Eine Nachfolge ist allerdings erst abschliessend geregelt, wenn sich die vereinbarte Lösung auch im unternehmerischen Alltag bewährt hat, oder?
Christoph Brunner: Das ist richtig. Mit der Vertragsunterzeichnung ist zwar ein Meilenstein erreicht, aber die richtigen Bewährungsproben kommen erst. Hier lauert eine grosse Gefahr. Nach vielen Gespräche und harten Verhandlungen fühlen sich die Parteien mit einer Einigung am Ziel und sind auch etwas erschöpft. Dies ist aber erst der Anfang und ab jetzt wird es wirklich hart. Kommunikation, Integration, Anspruchsgruppen auf den Weg mitnehmen etc., sind sehr anspruchsvolle Aufgaben.

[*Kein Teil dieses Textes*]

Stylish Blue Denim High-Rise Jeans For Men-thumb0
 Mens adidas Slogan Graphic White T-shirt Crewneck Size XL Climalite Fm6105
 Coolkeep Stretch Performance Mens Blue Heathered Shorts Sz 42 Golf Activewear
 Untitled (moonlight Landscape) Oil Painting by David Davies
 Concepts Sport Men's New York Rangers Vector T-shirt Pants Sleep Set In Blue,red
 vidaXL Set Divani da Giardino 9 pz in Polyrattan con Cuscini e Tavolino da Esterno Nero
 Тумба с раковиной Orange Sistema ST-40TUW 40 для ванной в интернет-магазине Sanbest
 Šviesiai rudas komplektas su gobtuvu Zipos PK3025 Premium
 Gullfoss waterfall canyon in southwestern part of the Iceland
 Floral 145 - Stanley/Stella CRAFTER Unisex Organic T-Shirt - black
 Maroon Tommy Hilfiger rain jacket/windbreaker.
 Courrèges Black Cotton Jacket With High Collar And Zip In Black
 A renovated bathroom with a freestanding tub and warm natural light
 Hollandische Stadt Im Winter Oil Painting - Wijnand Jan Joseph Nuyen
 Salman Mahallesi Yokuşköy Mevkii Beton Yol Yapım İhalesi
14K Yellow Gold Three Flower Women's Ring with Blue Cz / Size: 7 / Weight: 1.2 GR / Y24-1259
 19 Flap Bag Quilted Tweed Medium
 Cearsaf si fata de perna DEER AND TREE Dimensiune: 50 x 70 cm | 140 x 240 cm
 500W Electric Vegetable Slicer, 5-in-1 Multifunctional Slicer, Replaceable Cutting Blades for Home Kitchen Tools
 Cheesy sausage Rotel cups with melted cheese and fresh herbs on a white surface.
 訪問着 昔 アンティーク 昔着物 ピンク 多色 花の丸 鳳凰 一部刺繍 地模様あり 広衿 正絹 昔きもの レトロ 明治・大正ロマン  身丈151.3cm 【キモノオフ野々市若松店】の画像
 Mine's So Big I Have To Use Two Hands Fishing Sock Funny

Welche Bedeutung hat eine abgeschlossene Nachfolgeregelung für Sie als Berater?
Christoph Brunner: Mit der erfolgreichen Regelung der Nachfolge fallen bei den Unternehmer/innen viel Druck und Verantwortung ab. Mitzuerleben, wie die Erleichterung gross ist, wenn die Unternehmung in gute Hände weitergegeben werden kann, ist toll. Und noch schöner ist es, wenn die Parteien auch Jahre danach bestens miteinander auskommen. Hier dabei zu sein und eine kleine Rolle spielen zu dürfen, ist ein Privileg.

Sie haben am diesjährigen KMU-Tag einen Workshop zu diesem Thema durchgeführt. Was haben Sie den Teilnehmerinnen und Teilnehmern dort vermittelt? Christoph Brunner: Wir wollten die Teilnehmenden an den Erfahrungen teilhaben lassen, die ein Unternehmer auf seinem Weg der Nachfolgeregelung gemacht hat. Wir als Berater haben den Vorteil, dass wir die Erfahrung von sehr vielen Fällen einbringen können und die möglichen Stolpersteine frühzeitig sehen. Aber von einem Direktbetroffenen 1:1 seine Geschichte zu hören, ist sehr authentisch und eindrücklich.